Flow chart for the synthesis of CNPs by GCR & CCR


The phase investigation was carried out in Shimadzu PXRD (Powder X-ray diffractometer) using nickel filter in the range 20–70° with Cu Kα (1.541 Å) radiation at a scan rate of 2° min−1. Using AXIS ULTRA from AXIS 165, XPS (X-ray photoelectron spectroscopy) measurements was carried out by integrating with Kratos patented Magnetic immersion lens, spherical mirror analyzer and charge neutralization system. The morphology was studied using SEM, Hitachi—3000 and TEM (JEOL-ISM 2000). FT-IR studies were performed with a Spectrum-1000 (Perkin Elmer) spectrophotometer. UV–Visible absorption was recorded using shimadzu UV 2600 UV–Visible Spectrophotometer. Photoluminescence (PL) studies were carried out at room temperature using Horiba Fluorolog Spectrofluorimeter. The surface area was obtained by Brunner–Emmet–Teller (BET) method using Quanta chrome Nova-1000 surface analyzer under liquid nitrogen temperature.

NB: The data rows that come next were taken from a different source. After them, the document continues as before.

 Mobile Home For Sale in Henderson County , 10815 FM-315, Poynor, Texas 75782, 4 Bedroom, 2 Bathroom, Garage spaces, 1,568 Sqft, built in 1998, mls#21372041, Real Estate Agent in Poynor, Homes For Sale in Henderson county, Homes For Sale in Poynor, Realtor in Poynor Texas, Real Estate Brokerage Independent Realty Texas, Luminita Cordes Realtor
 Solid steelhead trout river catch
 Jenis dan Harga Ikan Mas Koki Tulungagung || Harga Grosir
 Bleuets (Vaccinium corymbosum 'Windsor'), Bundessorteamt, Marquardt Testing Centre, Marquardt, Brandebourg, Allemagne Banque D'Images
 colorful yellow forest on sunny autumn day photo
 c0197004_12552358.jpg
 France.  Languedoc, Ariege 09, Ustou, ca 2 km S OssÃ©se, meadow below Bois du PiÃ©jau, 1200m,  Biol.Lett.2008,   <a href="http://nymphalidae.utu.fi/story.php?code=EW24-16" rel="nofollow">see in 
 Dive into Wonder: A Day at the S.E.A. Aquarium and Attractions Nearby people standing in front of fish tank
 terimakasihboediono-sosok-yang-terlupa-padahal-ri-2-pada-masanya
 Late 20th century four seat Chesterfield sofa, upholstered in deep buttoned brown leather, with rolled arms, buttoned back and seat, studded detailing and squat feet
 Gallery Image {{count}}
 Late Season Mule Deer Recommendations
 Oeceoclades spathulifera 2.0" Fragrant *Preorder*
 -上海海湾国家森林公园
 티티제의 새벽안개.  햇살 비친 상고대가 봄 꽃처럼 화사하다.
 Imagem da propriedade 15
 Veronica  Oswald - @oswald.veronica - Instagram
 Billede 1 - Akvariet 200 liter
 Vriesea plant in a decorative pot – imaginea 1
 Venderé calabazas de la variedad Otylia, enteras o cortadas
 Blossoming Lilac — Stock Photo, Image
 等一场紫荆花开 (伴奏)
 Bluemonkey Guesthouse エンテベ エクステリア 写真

Photocatalytic activity measurements

The photocatalytic decomposition of dye was carried out under Sunlight for synthesized CNPs by degrading Malachite green (MG) dye. This reaction was conducted in between 11 am to 2 pm to avoid fluctuations in the intensity of sun rays. Here, 30 mg of prepared CNPs was treated with 250 ml of MG dye solution taken in a glass reactor. During the experiment, 5 ml of dye solution was pipetted out at regular intervals until complete decomposition of dye solution and finally adsorption was monitored using UV–Visible spectrophotometer. To check the endurance of synthesized CNPs, the experiment was repeated using same photocatalyst after washing and drying with fresh dye. The concentration of MG was analyzed by monitoring the absorbance at 618 nm.

Results and discussion

PXRD analysis

PXRD patterns of the synthesized CNPs were prepared by GCR and CCR routes as shown in the Fig. 2. PXRD pattern shows the major reflection peaks indexed as (202), (311), (400), (004), (511) and (440) are well matched with JCPDS card No. 034-0425 having cubic and tetragonal spinel structures [24, 25]. The crystallization method proceeds along (311), (440) crystal planes and intensity of this planes was found to be maximum for GCR compared to CCR CNPs. Scherer’s method was employed to observe the variation in crystallite size for prepared CNPs with different routes. The estimated results showed that the average crystallite size is ~ 8 and ~ 12 nm for CNPs4 prepared by CCR and GCR, respectively and the details were given in Table 2.
Fig. 2

PXRD patterns of CNPs synthesized by a GCR, b CCR

Table 2

The estimated crystalte parameters of CuFe2O4 nanoparticles


\(D = \frac{0.9\lambda }{\beta \cos \theta }(nm)\)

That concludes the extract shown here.